The compromises are real and worth naming. The Veyron is large and heavy - the Grand Sport weighs approximately 1,990 kg - and while the structure is extraordinarily stiff for a convertible of its complexity, it is not the kind of car that invites you to explore a mountain road. It rewards straight-line velocity and high-speed grand touring; it does not reward being hustled. The braking system - carbon ceramic discs with a retractable air brake that rises from the rear deck under heavy deceleration - is genuinely exceptional, one of the engineering highlights of the whole package. But the car's girth and mass mean that in any environment where changing direction matters, a well-sorted sports car costing a fraction of the Veyron's price will feel more alive. Bugatti never claimed otherwise. This is a car built to a specific brief, and that brief was always about absolute capability rather than driver engagement in the traditional sense.

There is also the matter of what it costs to maintain. The Veyron's service requirements are extensive, involving a dedicated Bugatti-approved workshop and parts and labour costs that make conventional servicing bills look trivially small. The tyres are bespoke Michelin items designed specifically for this application; replacement involves removing the wheels from the car and shipping them to a facility equipped to handle the procedure. None of this is unknown to buyers, but it bears acknowledgement: the Veyron is a car that requires commitment well beyond its purchase price.

What the 'Soleil de Nuit' represents within this context is something genuinely rare even within a rare model range. Bugatti produced 150 Grand Sport examples across the standard production run, a figure that already places it in rarefied company, and within those numbers the bespoke commissions - cars built to individual specifications for individual markets - are a distinct subset. A one-off Grand Sport wearing a unique exterior treatment, interior specification, and dedicated badging occupies a position that is genuinely singular. It was conceived for a specific cultural context, delivered to one of the most prominent families in its target region, and carries a visual identity that no other car shares. The Dubai Motor Show unveiling gave it a public debut appropriate to its ambitions: a market that understood implicitly what Bugatti was communicating with polished aluminium and midnight blue.

The Veyron's broader legacy has only become clearer with distance.
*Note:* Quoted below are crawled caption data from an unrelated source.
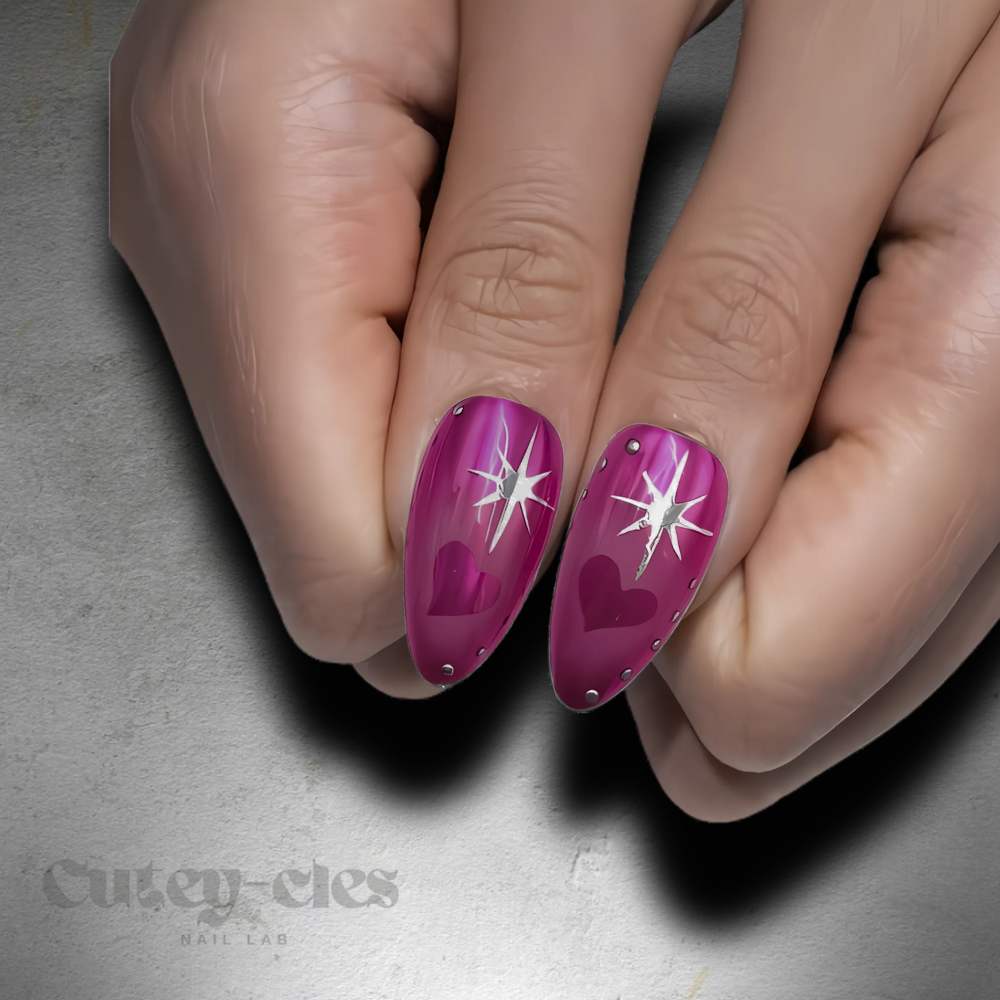 romantic magenta press-on nails featuring glossy finishes, heart designs, and shimmering stars.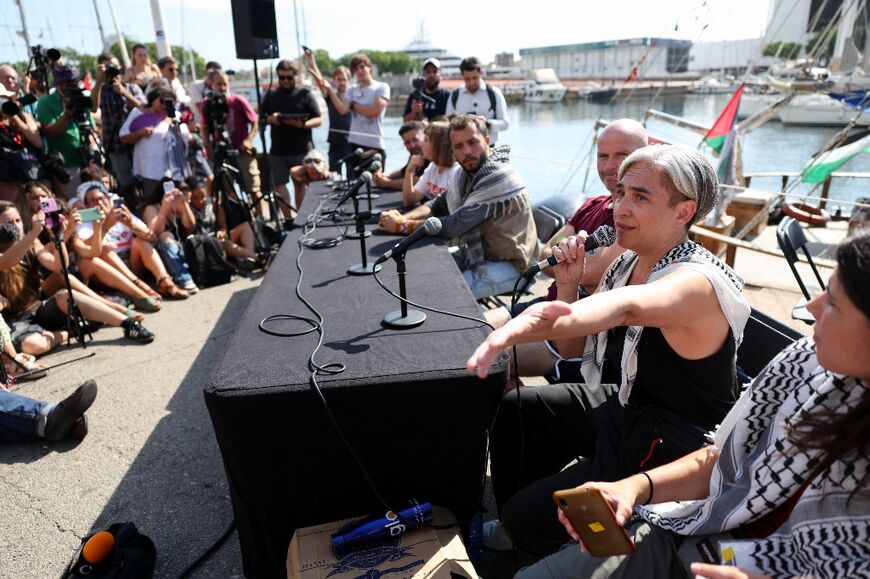 Former Barcelona mayor Ada Colau delivers a speech at the flotilla launch 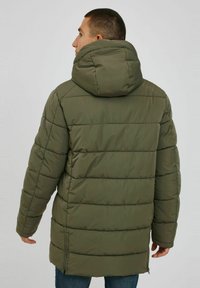 Olive green padded jacket with a large hood, quilted design, and a straight cut. Features a zipper at the bottom hem and side pockets.
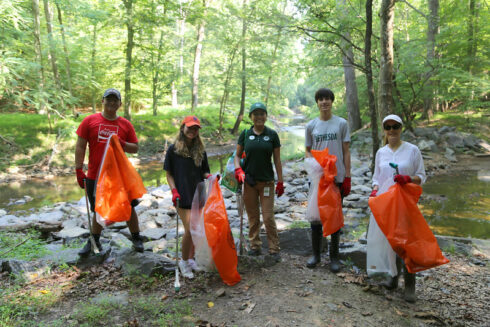 Group photos of volunteers by the stream.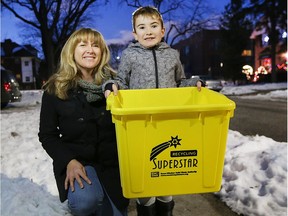 Seven-year-old Wilson Bortolin, right, and his mother Anastasia Adams display the "Golden Bin" presented to them by the Essex Windsor Solid Waste Authority for their exemplary recycling efforts.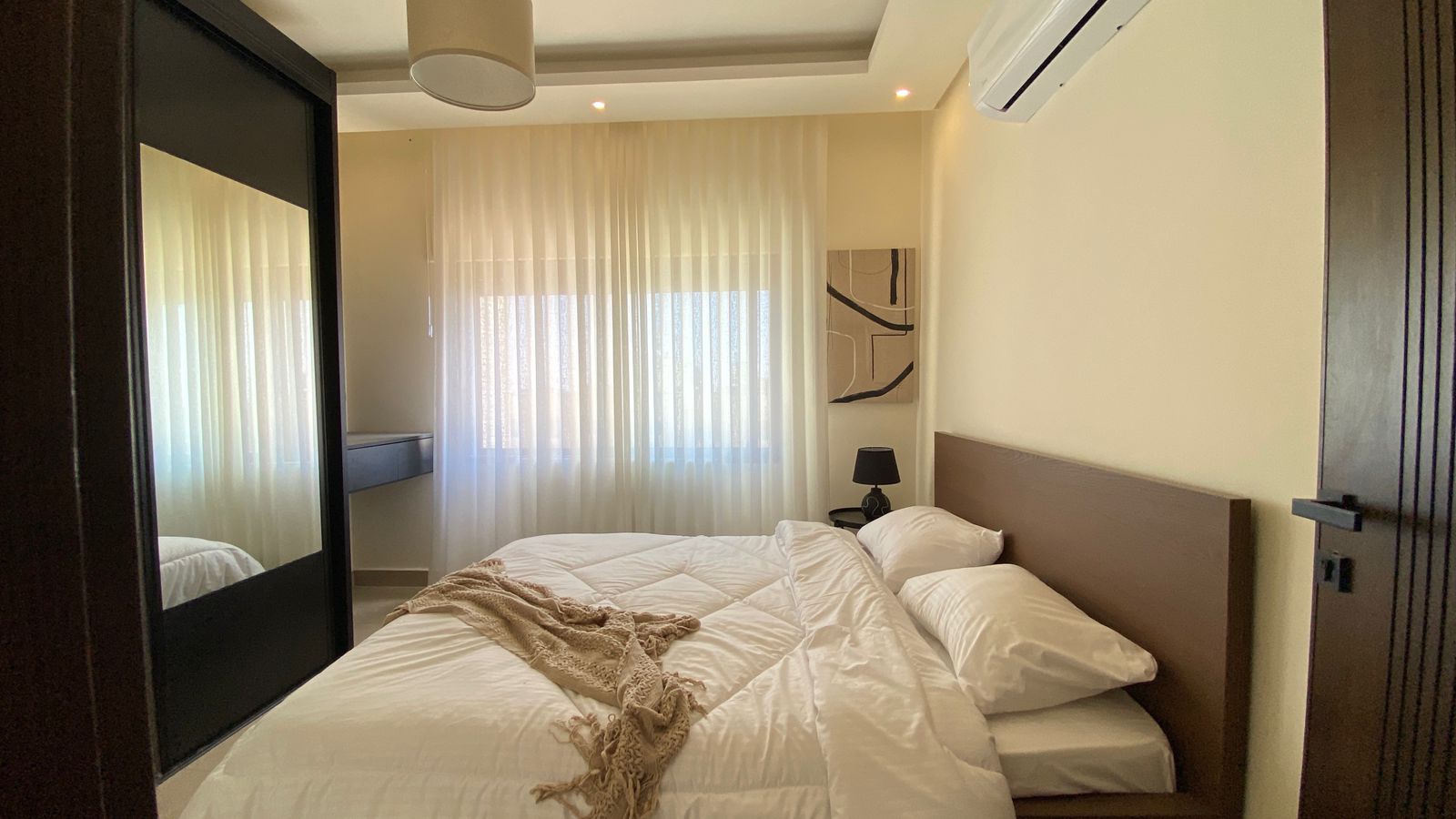 db99ac17-7530-46bd-bb13-5fabc814668b A modern bedroom with a low wooden headboard, white bedding, and a beige throw on a neatly made bed; a black bedside lamp on the right and sheer curtains over a window in the back.
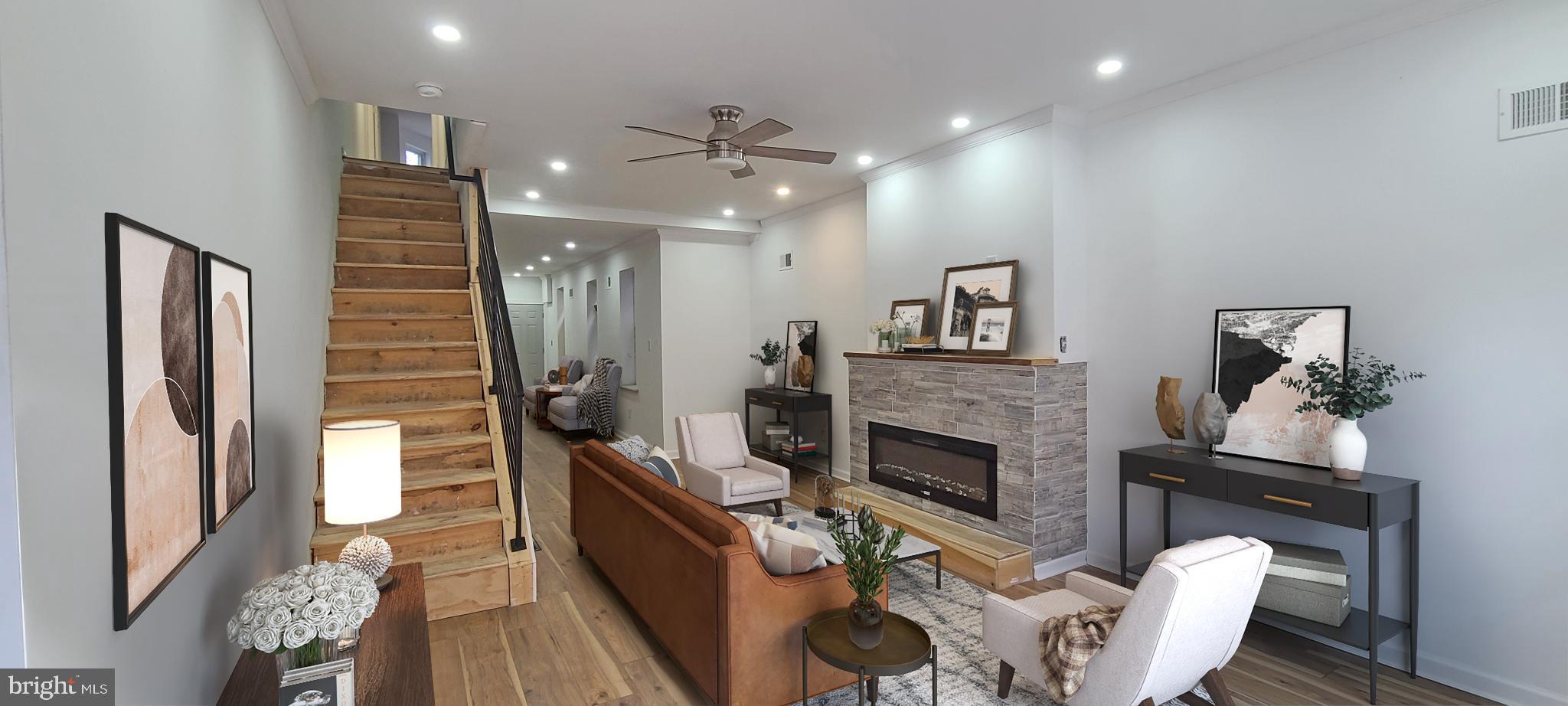 1817 North 26th Street Philadelphia, PA 19121 - Photo 3 of 25 a living room with furniture and a fireplace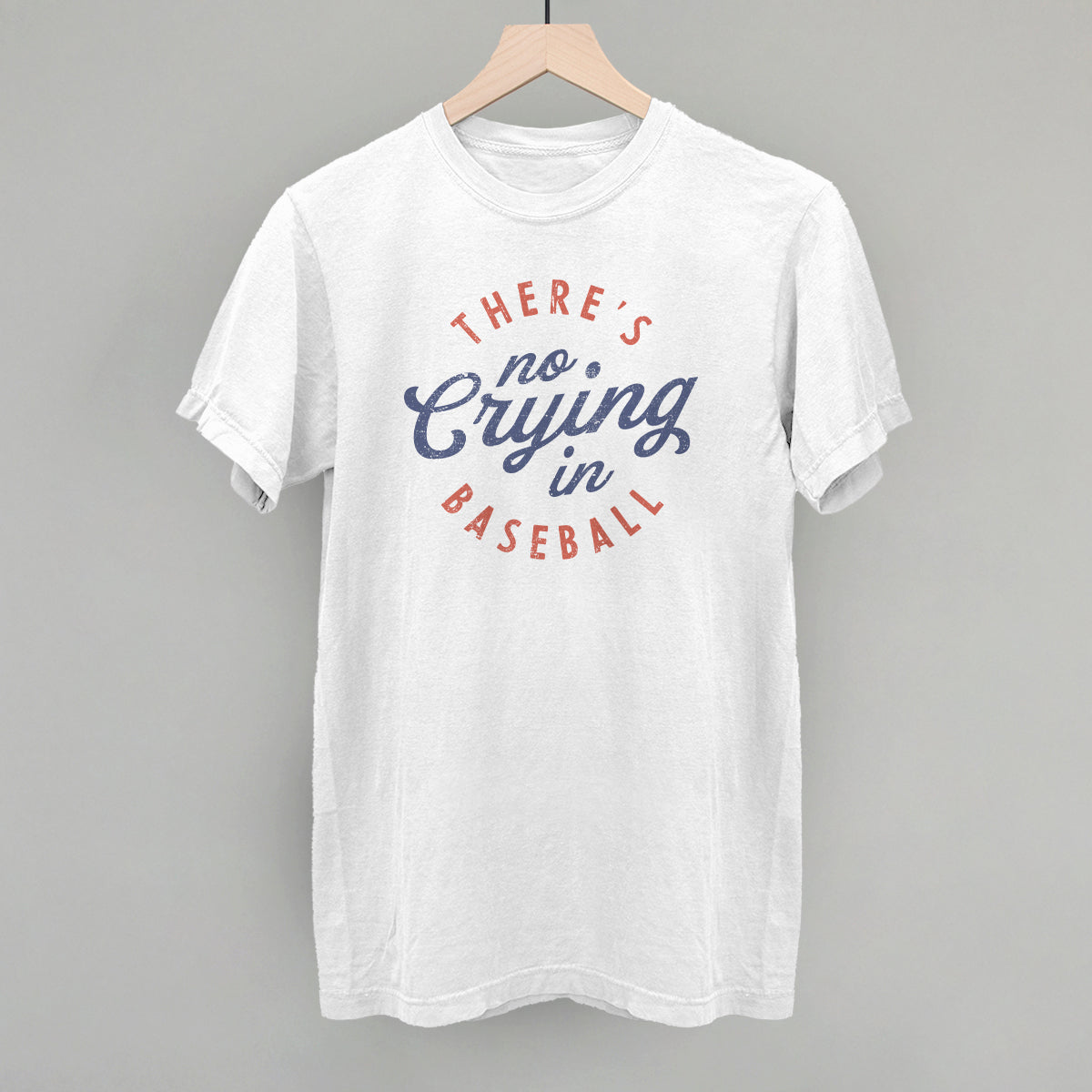 Collection of White t-shirt with 'There's no crying in baseball' text on a gray background in a gallery layout
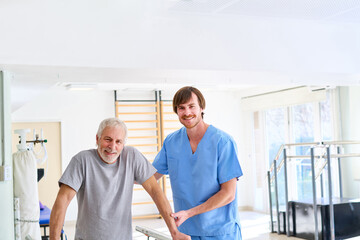 Senior Man Walking With Physiotherapist Assistance In Rehab Center For Injury Recovery And Rehabilitation Indoors Healthcare Settings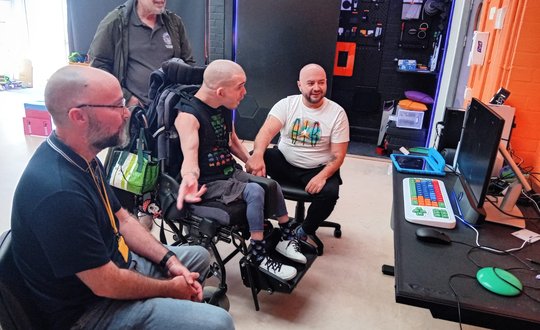 Group of 4 men playing accessible space invaders via a head switch controller.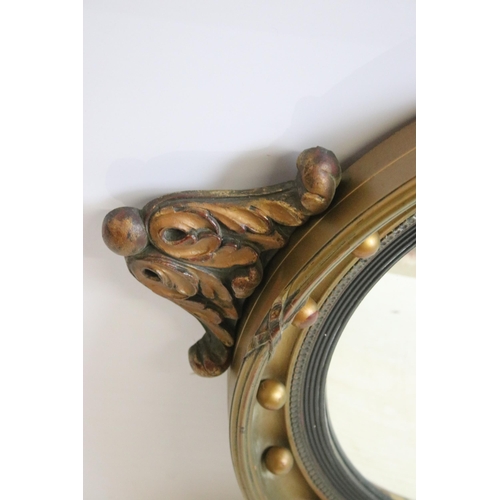 618 - Regency style gilt gesso convex wall mirror, of circular form, with eagle finial, 76cm high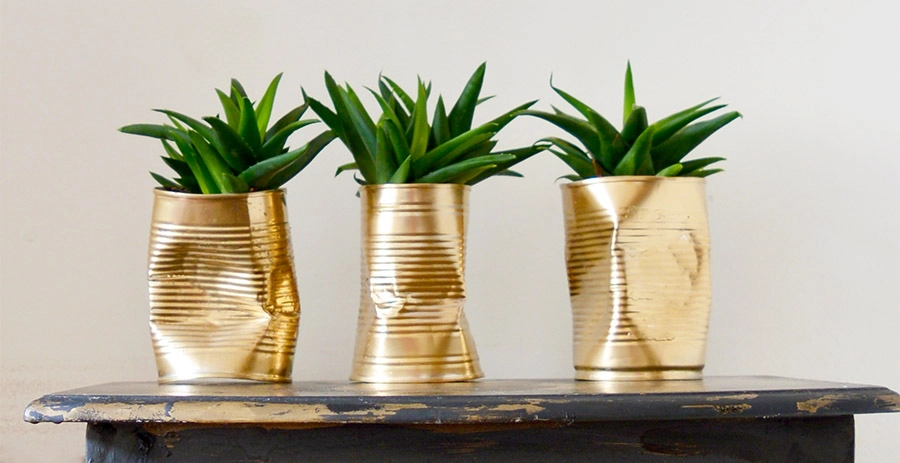 Make some unique diy planters. Crushed shabby glam gold tin can planters.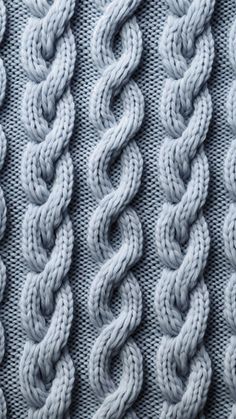 the texture of knitted material is shown in shades of blue and grey, with wavy lines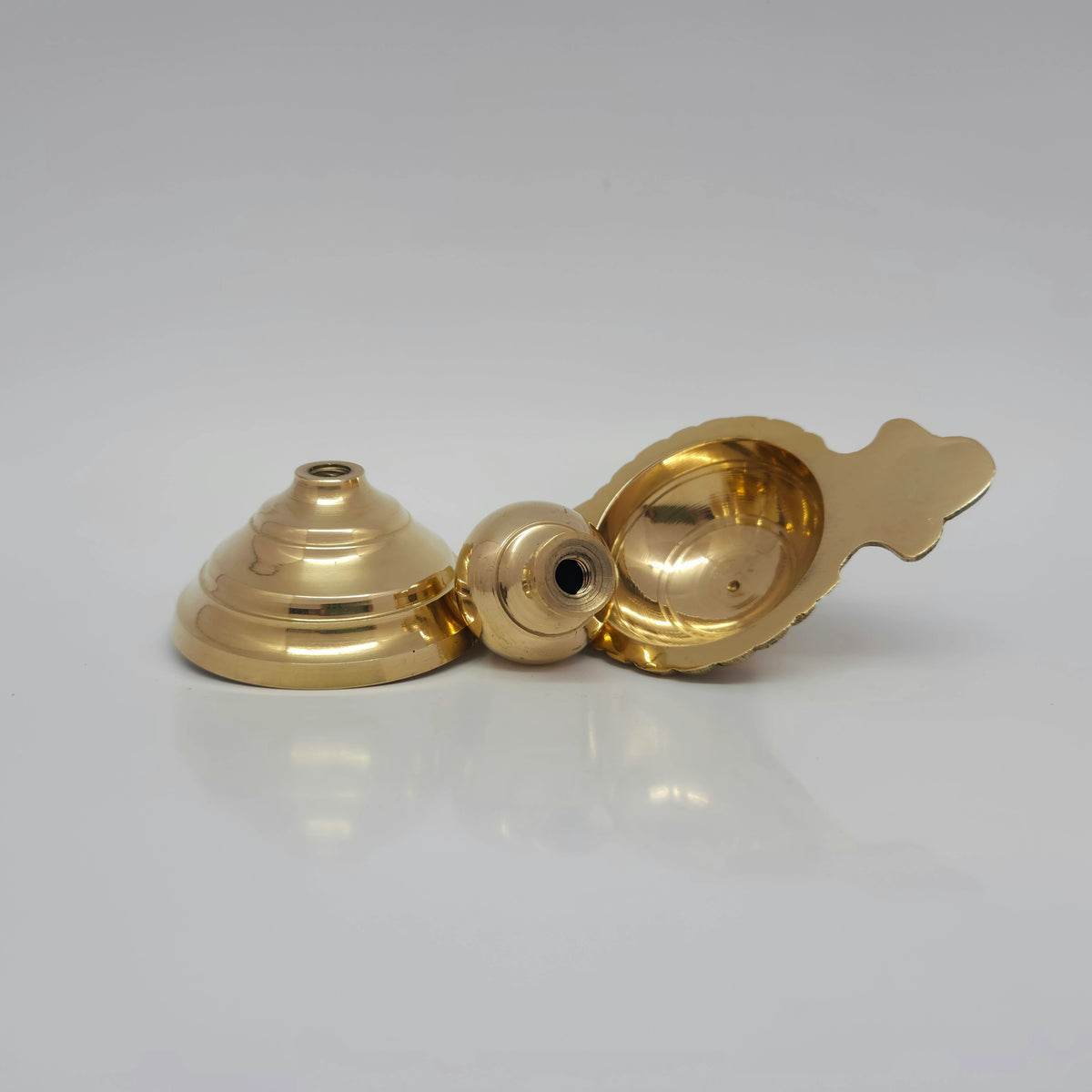Top-down presentation view showcasing the adjustable brass arati diya completely unscrewed into three separate parts—the oil basin with handle, central fluted stem pin, and flared base.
When it appeared in 2005, some critics questioned whether the world needed a car of such extreme specification, and whether the engineering resources required to build it represented a rational allocation of effort. Those arguments were never really the point. The Veyron demonstrated, definitively, what was possible when an automotive group committed its full engineering capability to a single goal without commercial compromise. It reset expectations across the hypercar sector, encouraging Koenigsegg, Hennessey, and SSC to pursue records that would not have seemed viable without Bugatti's precedent. It also demonstrated that a hypercar could be genuinely usable - not just as a straight-line machine but as a car capable of covering distance, in reasonable comfort, at extraordinary speed. The Chiron that followed built on this template rather than replacing it, which is perhaps the clearest evidence of how well the original concept was conceived.

The 'Soleil de Nuit' was received with the kind of attention that a one-off Veyron commission naturally generates - admired in Dubai, discussed in the specialist press, and subsequently absorbed into private ownership with the discretion typical of its buyer profile. It is not a car that sought widespread public approval, and it did not need to. It was built for a specific audience, in a specific specification, to mark a specific moment in Bugatti's centenary year. That it now exists as a document of that moment - of a company at the peak of its original Veyron programme, producing bespoke commissions for buyers who understood exactly what they were asking for - gives it a historical dimension that purely statistical rarity cannot fully capture.

The name still makes its own quiet argument. Soleil de Nuit. A sun that shines in darkness, polished aluminium catching whatever light is available and giving it back doubled. It was a strange brief for a car, and Bugatti fulfilled it completely.